The acquisition marks a major entry for AMP Capital into Australia’s clean energy sector at a hefty price tag, but the company said the mature and long-dated supply contract for the asset meant it would unlikely lead to any rush to consider new deals coming to market.
“Macarthur is quite different to a number of the newer vintage investments,” said AMP Capital’s head of infrastructure funds Michael Cummings.
“This was one of the first ones that was effectively a 25-year visibility contract with the offtaker AGL taking the merchant and operating risk. So it’s much more of a passive play in that sense.”
DATAROOM: AMP Capital’s wind deal
AMP Capital said it would be cautious on newer projects amid a broader slowing in renewables spend this year as sections of the nation’s stretched power grid struggle to handle major new renewable generation sources in areas without sufficient transmission capacity.
Bottlenecks in the electricity system have led to some developers receiving up to a quarter less revenue than expected under the marginal loss factor mechanism which calculates the difference between the amount of power generated and lost during the transmission process.
“Probably some investors have gone in the last few years and taken the view that marginal loss factors was a risk,” Mr Cummings said.
“We thought it was a big, uncontrollable risk and you saw deals that were becoming the norm that the MLF was on the buyer not the seller.”
The 420MW Macarthur wind farm comprises 140 wind turbines in Macarthur in Victoria’s Western District, and is described as the largest wind farm in the southern hemisphere. It generates enough power for 220,000 homes, with AMP dividing its stake between its Community Infrastructure Fund and Core Infrastructure Fund.
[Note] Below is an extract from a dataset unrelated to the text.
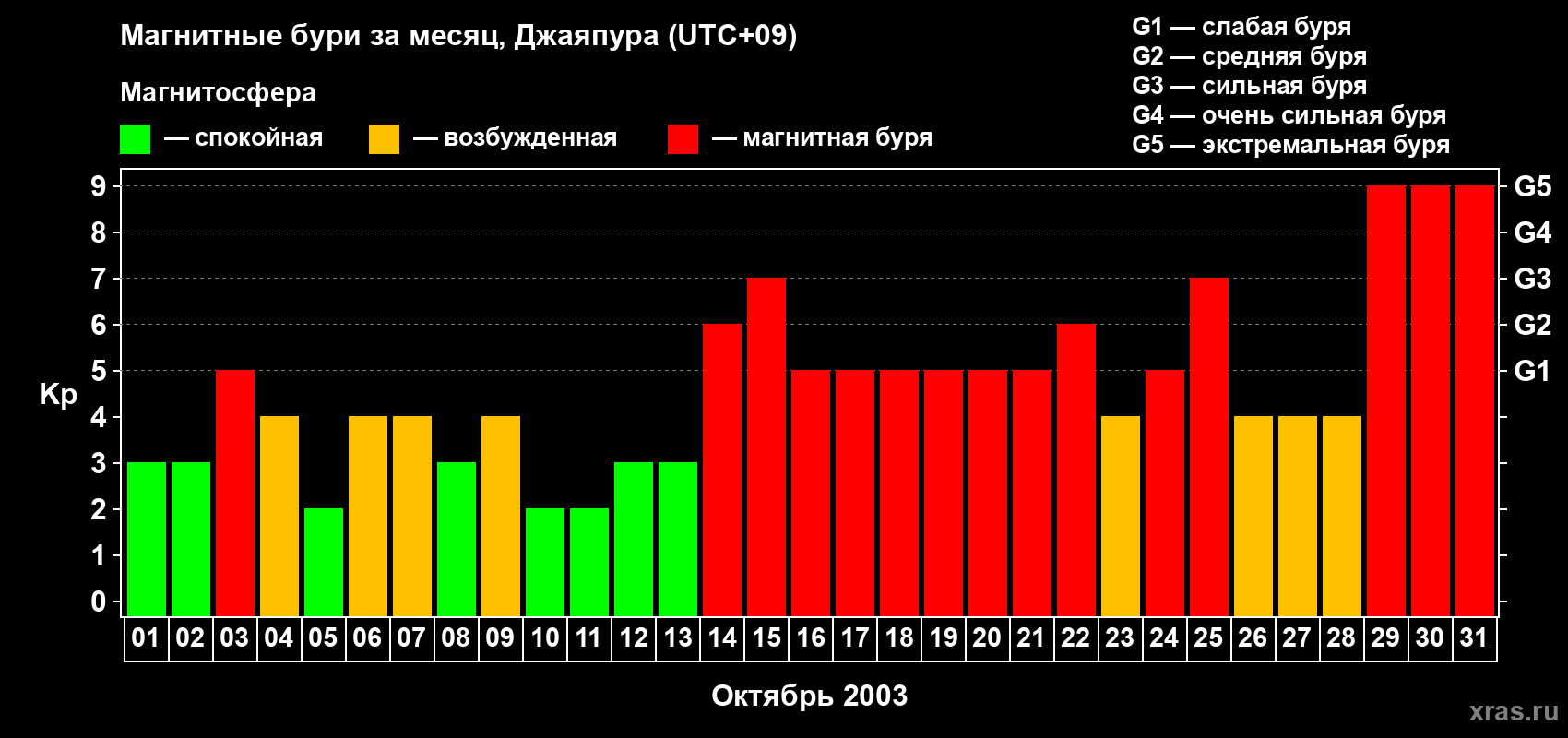 Изменения геомагнитного индекса Kp в октябре 2003 года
Morrison & Co owns the remaining stake.
Energy generated from the wind farm, which started operating in 2013, is fully contracted to AGL under a fixed price contract until 2038.
Global financiers and green energy developers have warned Australia’s pipeline of renewable generation projects faces gridlock as concerns over transmission losses threaten to derail billions of dollars of investment.
Meridian sold its stake in the wind farm to Malakoff for $650m in 2013 while AGL offloaded its 50 per cent interest to Morrison in 2015 for $532m.